_REQUIREMENT_
Your task is to reproduce exactly the lines that run from the beginning of the data through the line where "Продам Renault scenic 2 !" appears.

(Beginning of TASK DATA)

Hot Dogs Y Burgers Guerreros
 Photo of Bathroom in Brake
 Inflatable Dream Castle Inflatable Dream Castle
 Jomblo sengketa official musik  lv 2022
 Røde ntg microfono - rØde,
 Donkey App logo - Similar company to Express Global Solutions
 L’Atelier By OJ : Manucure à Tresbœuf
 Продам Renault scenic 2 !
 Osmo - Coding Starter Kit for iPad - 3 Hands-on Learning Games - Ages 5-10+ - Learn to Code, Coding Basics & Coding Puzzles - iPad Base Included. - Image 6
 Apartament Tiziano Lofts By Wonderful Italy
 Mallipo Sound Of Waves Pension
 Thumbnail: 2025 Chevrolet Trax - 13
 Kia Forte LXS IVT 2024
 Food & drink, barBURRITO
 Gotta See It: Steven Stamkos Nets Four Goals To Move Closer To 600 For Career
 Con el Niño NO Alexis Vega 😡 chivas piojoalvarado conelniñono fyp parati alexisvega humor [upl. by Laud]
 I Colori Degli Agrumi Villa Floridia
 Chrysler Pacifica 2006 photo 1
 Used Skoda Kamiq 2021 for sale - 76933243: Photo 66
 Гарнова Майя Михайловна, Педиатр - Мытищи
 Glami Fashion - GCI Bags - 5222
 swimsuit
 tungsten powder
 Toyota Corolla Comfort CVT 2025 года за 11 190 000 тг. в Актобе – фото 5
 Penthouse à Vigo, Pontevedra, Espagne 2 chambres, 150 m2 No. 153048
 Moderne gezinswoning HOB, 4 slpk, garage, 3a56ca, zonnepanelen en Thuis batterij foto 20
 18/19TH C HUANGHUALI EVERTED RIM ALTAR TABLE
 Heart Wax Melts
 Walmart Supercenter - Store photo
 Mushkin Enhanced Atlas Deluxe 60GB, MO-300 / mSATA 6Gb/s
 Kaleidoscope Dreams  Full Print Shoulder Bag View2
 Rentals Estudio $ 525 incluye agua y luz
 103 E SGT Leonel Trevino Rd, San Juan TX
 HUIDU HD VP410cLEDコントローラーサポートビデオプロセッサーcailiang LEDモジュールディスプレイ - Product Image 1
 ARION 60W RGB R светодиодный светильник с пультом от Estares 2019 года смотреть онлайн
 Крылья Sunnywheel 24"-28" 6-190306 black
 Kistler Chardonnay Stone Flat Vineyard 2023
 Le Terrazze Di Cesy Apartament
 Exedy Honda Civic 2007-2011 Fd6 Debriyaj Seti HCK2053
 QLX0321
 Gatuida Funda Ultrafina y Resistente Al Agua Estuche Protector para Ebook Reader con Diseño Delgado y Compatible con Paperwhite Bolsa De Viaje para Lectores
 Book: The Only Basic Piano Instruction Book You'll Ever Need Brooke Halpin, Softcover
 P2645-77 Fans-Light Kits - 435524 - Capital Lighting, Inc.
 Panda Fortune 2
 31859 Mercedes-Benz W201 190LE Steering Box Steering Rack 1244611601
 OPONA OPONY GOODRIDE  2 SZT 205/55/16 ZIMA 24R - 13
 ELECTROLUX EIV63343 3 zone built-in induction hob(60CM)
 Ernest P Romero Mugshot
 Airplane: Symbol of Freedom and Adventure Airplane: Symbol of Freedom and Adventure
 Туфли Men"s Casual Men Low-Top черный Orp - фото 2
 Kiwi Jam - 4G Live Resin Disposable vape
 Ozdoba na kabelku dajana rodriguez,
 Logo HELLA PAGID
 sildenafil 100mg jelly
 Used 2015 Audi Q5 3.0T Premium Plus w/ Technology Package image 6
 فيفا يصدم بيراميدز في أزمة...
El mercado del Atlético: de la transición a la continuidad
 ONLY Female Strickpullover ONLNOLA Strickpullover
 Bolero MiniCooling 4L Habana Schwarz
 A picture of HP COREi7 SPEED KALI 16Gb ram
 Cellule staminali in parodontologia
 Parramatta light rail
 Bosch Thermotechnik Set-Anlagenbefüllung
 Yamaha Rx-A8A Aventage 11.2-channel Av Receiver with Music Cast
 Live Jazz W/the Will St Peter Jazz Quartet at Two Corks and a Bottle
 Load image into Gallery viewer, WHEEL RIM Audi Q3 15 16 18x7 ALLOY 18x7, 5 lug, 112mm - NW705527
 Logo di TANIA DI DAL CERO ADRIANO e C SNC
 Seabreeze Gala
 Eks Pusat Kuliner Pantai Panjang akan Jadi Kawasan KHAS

(End of TASK DATA)

_ANSWER SECTION_
Hot Dogs Y Burgers Guerreros
 Photo of Bathroom in Brake
 Inflatable Dream Castle Inflatable Dream Castle
 Jomblo sengketa official musik  lv 2022
 Røde ntg microfono - rØde,
 Donkey App logo - Similar company to Express Global Solutions
 L’Atelier By OJ : Manucure à Tresbœuf
 Продам Renault scenic 2 !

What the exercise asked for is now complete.